- _What is being asked_: Repeat exactly the lines from the start of the entries below through the line containing "Nena Apartmani Vir Exterior foto". Omit the rest.

::: Data for processing

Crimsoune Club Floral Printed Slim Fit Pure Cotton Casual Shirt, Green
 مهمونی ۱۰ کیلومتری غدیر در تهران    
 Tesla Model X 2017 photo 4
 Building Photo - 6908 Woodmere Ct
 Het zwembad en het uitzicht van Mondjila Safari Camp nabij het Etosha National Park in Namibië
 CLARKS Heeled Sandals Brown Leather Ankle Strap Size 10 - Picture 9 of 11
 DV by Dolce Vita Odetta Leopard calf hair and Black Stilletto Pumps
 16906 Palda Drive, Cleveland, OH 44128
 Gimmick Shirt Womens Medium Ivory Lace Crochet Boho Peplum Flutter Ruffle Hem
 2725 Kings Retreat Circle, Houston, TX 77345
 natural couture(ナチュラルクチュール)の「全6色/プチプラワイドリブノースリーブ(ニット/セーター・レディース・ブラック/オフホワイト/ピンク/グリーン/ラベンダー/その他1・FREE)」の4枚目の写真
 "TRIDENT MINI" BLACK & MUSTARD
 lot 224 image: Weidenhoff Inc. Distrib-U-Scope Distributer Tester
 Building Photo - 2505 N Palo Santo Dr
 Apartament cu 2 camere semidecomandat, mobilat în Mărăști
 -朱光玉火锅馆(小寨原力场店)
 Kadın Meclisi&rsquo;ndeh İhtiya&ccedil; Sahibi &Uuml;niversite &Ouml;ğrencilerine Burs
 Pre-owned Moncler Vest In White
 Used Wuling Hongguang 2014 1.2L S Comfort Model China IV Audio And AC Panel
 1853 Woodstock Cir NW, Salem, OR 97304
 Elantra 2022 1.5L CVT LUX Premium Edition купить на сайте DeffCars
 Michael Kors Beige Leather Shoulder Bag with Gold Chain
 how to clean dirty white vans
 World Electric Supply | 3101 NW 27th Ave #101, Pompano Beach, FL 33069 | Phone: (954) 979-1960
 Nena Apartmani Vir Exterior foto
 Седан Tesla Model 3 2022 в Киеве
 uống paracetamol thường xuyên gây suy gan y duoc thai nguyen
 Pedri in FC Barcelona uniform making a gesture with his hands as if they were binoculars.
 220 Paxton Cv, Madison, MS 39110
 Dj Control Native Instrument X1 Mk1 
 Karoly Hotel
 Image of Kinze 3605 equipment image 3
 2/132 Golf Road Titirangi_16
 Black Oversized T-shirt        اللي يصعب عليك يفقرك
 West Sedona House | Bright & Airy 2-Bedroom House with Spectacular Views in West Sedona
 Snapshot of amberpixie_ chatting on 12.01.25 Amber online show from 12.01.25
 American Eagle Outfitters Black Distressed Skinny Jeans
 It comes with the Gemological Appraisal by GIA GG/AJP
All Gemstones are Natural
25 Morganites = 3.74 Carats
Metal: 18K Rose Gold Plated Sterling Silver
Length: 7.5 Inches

::::::

- _Reply_:
Crimsoune Club Floral Printed Slim Fit Pure Cotton Casual Shirt, Green
 مهمونی ۱۰ کیلومتری غدیر در تهران    
 Tesla Model X 2017 photo 4
 Building Photo - 6908 Woodmere Ct
 Het zwembad en het uitzicht van Mondjila Safari Camp nabij het Etosha National Park in Namibië
 CLARKS Heeled Sandals Brown Leather Ankle Strap Size 10 - Picture 9 of 11
 DV by Dolce Vita Odetta Leopard calf hair and Black Stilletto Pumps
 16906 Palda Drive, Cleveland, OH 44128
 Gimmick Shirt Womens Medium Ivory Lace Crochet Boho Peplum Flutter Ruffle Hem
 2725 Kings Retreat Circle, Houston, TX 77345
 natural couture(ナチュラルクチュール)の「全6色/プチプラワイドリブノースリーブ(ニット/セーター・レディース・ブラック/オフホワイト/ピンク/グリーン/ラベンダー/その他1・FREE)」の4枚目の写真
 "TRIDENT MINI" BLACK & MUSTARD
 lot 224 image: Weidenhoff Inc. Distrib-U-Scope Distributer Tester
 Building Photo - 2505 N Palo Santo Dr
 Apartament cu 2 camere semidecomandat, mobilat în Mărăști
 -朱光玉火锅馆(小寨原力场店)
 Kadın Meclisi&rsquo;ndeh İhtiya&ccedil; Sahibi &Uuml;niversite &Ouml;ğrencilerine Burs
 Pre-owned Moncler Vest In White
 Used Wuling Hongguang 2014 1.2L S Comfort Model China IV Audio And AC Panel
 1853 Woodstock Cir NW, Salem, OR 97304
 Elantra 2022 1.5L CVT LUX Premium Edition купить на сайте DeffCars
 Michael Kors Beige Leather Shoulder Bag with Gold Chain
 how to clean dirty white vans
 World Electric Supply | 3101 NW 27th Ave #101, Pompano Beach, FL 33069 | Phone: (954) 979-1960
 Nena Apartmani Vir Exterior foto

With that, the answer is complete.